Saíram a caminhar, enfrentando o vento frio que soprava. Muita gente olhava para a nova figura, agora vestida com roupas locais, não o relacionavam com aquele que aparecera algum tempo antes. Haviam visto um homem com roupas estranhas, sujas e mesmo rasgadas. Agora viam um homem limpo, lavado e vestido com roupas como alguém do local. A barba fora aparada e o cabelo estava em bom estado. Ao chegarem ao local, logo foram recebidos por Komboo. Zósteles lhe apresentou o novo membro da comunidade, relatando resumidamente sua história. O chefe do executivo local, ficou encantado. Não hesitou em lhe fazer o convite para desempenhar a função de assessor agrícola da administração.

– Seja bem-vindo, Senhor Alek. Estávamos orando aos deuses pela vinda de alguém como o senhor. Parece que nossas preces foram atendidas.

– E eu estava me julgando perdido, pronto para deitar e esperar a morte de tanto cansaço e fome. Ao longe avistei as casas da aldeia e criei ânimo para mais um esforço. Aqui estou. Sejam os deuses que forem, pode crer que eles são poderosos e previdentes.

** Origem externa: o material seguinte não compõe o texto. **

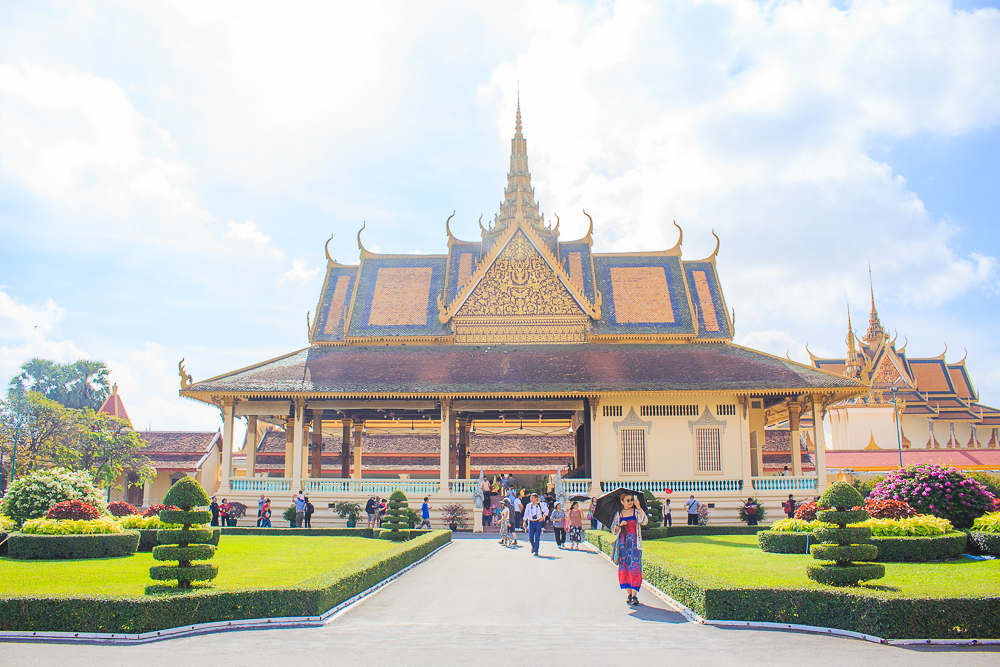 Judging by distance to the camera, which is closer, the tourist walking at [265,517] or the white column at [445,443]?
the tourist walking at [265,517]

– Apenas devo dizer que estamos iniciando uma nova era na vida da comunidade. Ainda nem começamos a arrecadar tributos e nosso tesouro está vazio. Certamente não lhe faltará abrigo, nem alimento ou vestuário. Se estiver com disposição de trabalhar, será acolhido de braços abertos.

– E eu poderia esperar algo melhor? Para quem estava, há poucas horas, pensando em morrer e esquecer desse mundo, isso é o paraíso.

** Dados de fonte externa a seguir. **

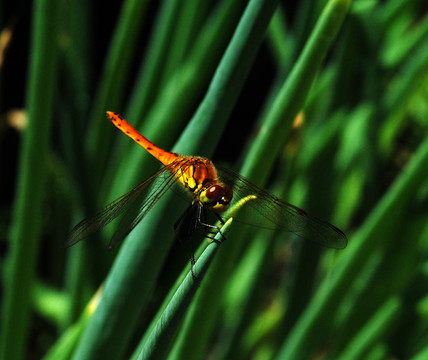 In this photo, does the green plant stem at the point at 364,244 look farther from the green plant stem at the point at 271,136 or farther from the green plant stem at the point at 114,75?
the green plant stem at the point at 114,75

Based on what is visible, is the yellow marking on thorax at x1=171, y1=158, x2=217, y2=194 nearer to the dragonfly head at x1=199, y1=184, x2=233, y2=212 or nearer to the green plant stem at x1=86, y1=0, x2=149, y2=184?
the dragonfly head at x1=199, y1=184, x2=233, y2=212

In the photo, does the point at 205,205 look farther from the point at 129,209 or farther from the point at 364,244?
the point at 364,244

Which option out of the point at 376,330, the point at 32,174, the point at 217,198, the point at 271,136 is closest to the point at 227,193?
the point at 217,198

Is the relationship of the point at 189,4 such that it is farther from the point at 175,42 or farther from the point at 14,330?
the point at 14,330

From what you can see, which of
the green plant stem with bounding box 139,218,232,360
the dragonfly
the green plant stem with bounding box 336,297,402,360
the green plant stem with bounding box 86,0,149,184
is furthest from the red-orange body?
the green plant stem with bounding box 336,297,402,360

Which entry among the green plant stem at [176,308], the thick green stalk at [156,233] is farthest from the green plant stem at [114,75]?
the green plant stem at [176,308]

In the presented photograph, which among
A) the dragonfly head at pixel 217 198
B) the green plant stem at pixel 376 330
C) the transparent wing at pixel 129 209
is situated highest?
the dragonfly head at pixel 217 198

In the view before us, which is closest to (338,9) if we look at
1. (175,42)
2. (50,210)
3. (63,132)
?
(63,132) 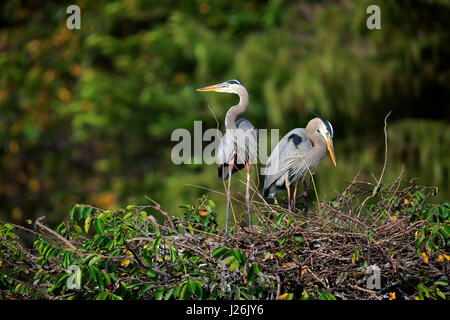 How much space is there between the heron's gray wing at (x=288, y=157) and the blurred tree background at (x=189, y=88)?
53.8 inches

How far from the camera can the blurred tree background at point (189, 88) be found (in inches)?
278

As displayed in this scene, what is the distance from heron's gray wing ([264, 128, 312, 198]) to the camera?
11.3 ft

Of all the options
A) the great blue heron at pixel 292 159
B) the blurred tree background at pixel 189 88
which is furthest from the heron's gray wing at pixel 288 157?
the blurred tree background at pixel 189 88

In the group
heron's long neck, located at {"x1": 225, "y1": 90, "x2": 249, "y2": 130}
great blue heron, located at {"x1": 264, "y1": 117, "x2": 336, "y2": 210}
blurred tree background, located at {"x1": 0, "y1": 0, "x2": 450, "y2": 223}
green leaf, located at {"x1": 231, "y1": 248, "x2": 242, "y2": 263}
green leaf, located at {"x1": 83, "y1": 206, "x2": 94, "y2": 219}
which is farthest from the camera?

– Vamos providenciar sua acomodação e depois falaremos do que podemos fazer. Há um bom número de propriedades agrícolas nos arredores e elas estão prontas a receber sua sabedoria no assunto.

– Bastará me mostrar o que temos e verei o que é possível fazer. Iremos transformar as propriedades rurais em um verdadeiro celeiro.

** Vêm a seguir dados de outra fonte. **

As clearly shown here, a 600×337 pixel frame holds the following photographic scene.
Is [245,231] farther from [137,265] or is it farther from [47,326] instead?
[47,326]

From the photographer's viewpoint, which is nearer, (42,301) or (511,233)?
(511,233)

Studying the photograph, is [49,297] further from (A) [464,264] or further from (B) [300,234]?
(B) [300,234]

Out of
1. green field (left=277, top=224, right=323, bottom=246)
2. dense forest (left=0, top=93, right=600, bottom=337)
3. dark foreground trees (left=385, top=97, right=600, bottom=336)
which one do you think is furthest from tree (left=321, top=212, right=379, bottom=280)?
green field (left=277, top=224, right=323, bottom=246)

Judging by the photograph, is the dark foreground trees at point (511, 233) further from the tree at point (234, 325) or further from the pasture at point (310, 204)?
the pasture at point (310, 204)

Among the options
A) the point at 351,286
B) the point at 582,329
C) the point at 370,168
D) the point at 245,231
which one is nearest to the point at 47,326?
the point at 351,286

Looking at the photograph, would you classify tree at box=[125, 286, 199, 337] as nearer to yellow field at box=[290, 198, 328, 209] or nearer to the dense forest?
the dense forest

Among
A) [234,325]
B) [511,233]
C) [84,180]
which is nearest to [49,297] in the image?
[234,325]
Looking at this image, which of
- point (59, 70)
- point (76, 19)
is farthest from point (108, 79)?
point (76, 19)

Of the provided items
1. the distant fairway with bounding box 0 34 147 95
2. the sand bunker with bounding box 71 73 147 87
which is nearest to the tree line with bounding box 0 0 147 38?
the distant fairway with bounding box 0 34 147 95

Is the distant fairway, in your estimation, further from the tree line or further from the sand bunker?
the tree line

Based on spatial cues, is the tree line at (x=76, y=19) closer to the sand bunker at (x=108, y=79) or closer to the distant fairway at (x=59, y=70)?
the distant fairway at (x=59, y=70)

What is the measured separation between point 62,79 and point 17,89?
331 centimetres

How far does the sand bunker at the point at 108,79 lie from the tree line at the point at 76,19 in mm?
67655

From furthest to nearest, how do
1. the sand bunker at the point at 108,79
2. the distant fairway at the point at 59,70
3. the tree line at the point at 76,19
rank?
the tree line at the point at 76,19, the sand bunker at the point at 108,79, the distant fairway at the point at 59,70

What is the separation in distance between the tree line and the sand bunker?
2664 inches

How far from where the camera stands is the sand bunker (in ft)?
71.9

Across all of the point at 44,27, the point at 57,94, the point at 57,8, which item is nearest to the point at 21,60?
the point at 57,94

– Isso nos livrará de comprar alimentos vindos de longe. Coisa que acontece hoje, por deficiência de produção. Poderei anunciar ao legislador, representante dos agricultores, que já dispomos de quem lhes preste auxílio em suas terras.

O novo membro da aldeia foi acomodado provisoriamente na casa de Mestre Zósteles, onde havia um cômodo disponível. Faltava apenas um leito e alguns utensílios, coisa que foi providenciado em pouco tempo. Aos poucos ele mesmo se acomodaria e criaria seu próprio lugar, com o ganho de seu trabalho. Os dois homens saíram da sede administrativa e passaram pelas salas de ensino, onde Alek foi apresentado aos discípulos. Quem logo viu o alcance daquela notícia foi Mink. Via ali a mão do amigo Arki agindo. Com certeza teriam necessidade de agricultores no repovoamento do planeta. Os ensinamentos de Alek teriam grande valor nessa questão.